Expected: All checks green, including [✓] Ollama running, llama3.2:3b available and [✓] Provider API reachable.

If any check fails, fix it before continuing. Most failures here mean your API key isn't set in the current shell:

export OPENAI_API_KEY="sk-..."     # or ANTHROPIC_API_KEY

Step 2 — Run a single prompt against the local model

ollama run llama3.2:3b "In one paragraph, what is prompt injection?"

Expected output: A paragraph defining prompt injection. Llama 3.2 3B is a small model, so the answer may be imprecise. That's the point — you'll feel the capability difference in a moment.

Step 3 — Run the same prompt against the frontier API

uv run python scripts/lab1_6_compare.py --prompt "In one paragraph, what is prompt injection?"

The script calls both backends in turn and prints both responses side by side.

Expected output (truncated):

═══════════════ LLAMA 3.2 3B (Ollama, local) ═══════════════
Prompt injection is a type of attack where ... [model's answer]
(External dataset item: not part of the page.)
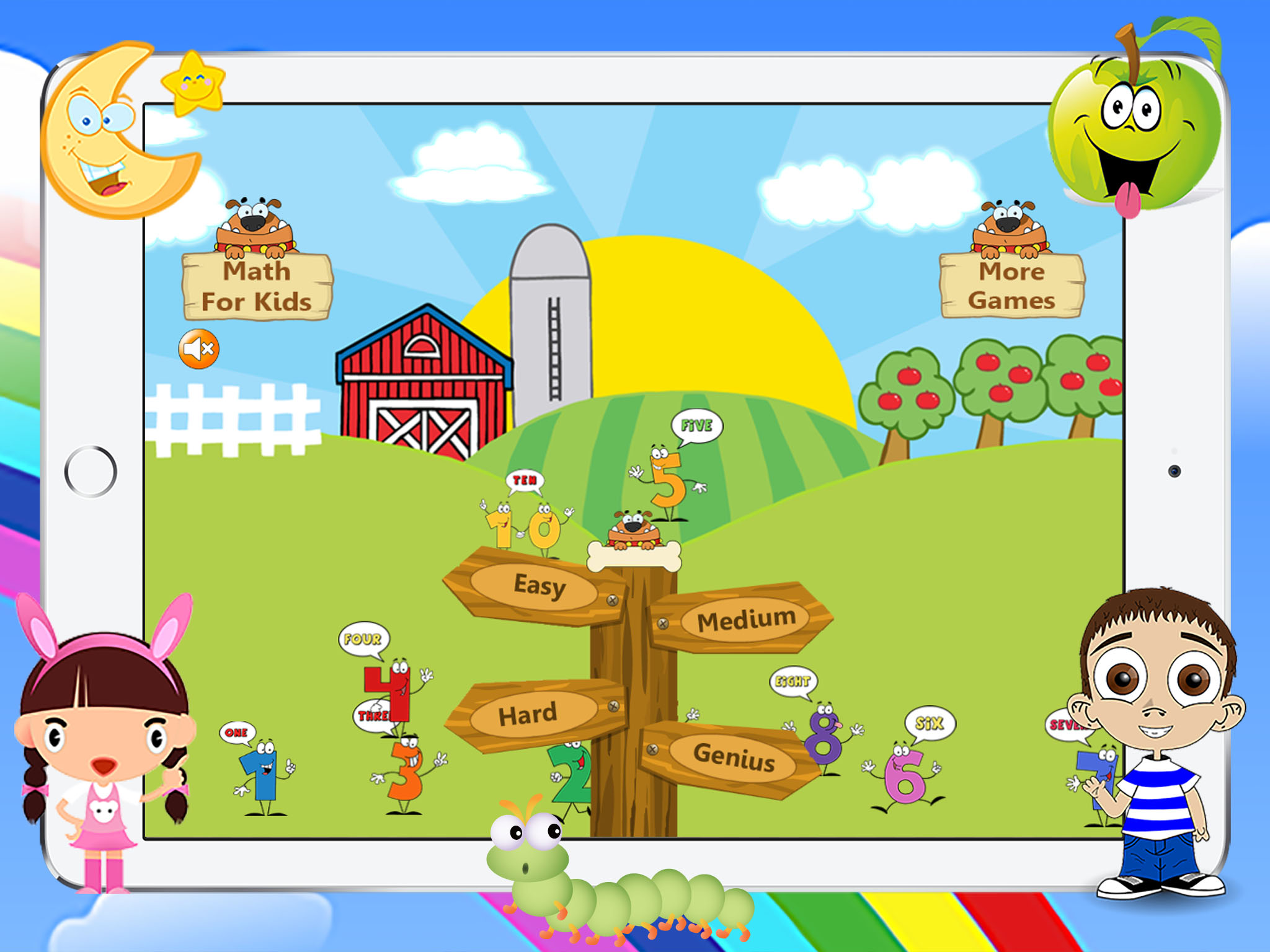 Math For Kids - free games educational learning and training screenshot 7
═══════════════ GPT-4o (or Claude 3.7 Sonnet) ═══════════════
Prompt injection is an attack against LLM-powered applications
in which an adversary crafts input that overrides the system's
intended instructions ... [model's answer]

What to notice. Three differences will jump out: (a) the frontier model usually gives a more nuanced and accurate answer, (b) the frontier model frequently adds caveats or refuses sub-questions the small model answers naively, (c) the frontier model's stylistic tone (cadence, formatting, refusal phrasing) is recognizable. That distinct "voice" is the RLHF / RLAIF alignment footprint — it's a behavioral fingerprint of the alignment training, and we'll exploit it in Module 5 for model identification.

Step 4 — Inspect the chat() helper you'll reuse for the rest of the course

Open src/ai_sec/chat.py in your editor or cat it:

cat /workspace/ai-sec-course/src/ai_sec/chat.py

The file contains a small abstraction:

# Excerpt — see file for full source
def chat(
    prompt: str,
    backend: Literal["ollama", "openai", "anthropic"] = "ollama",
    model: str | None = None,
    system: str | None = None,
    temperature: float = 0.0,   # deterministic by default for security testing
    seed: int | None = 42,
    max_tokens: int = 512,
) -> ChatResult:
    ...

Two design choices worth noting: - Default temperature is 0.0. Most security work wants deterministic outputs. You'll override this when you want to sample (e.g., when testing jailbreak rate across N retries — see Module 3). - Backend abstraction. A later lab might run the same attack against three backends to see which is more susceptible. The same function call works against all three.

Step 5 — Run a probe set against both backends

uv run python scripts/lab1_6_compare.py --probe-set basic

This runs ~10 probe prompts (defined in probes/basic.yaml) against both backends and writes results to runs/lab1_6/<timestamp>/. The probes are deliberately simple — factual recall, refusal triggers, simple reasoning — not attacks yet. We're learning to measure, not to attack.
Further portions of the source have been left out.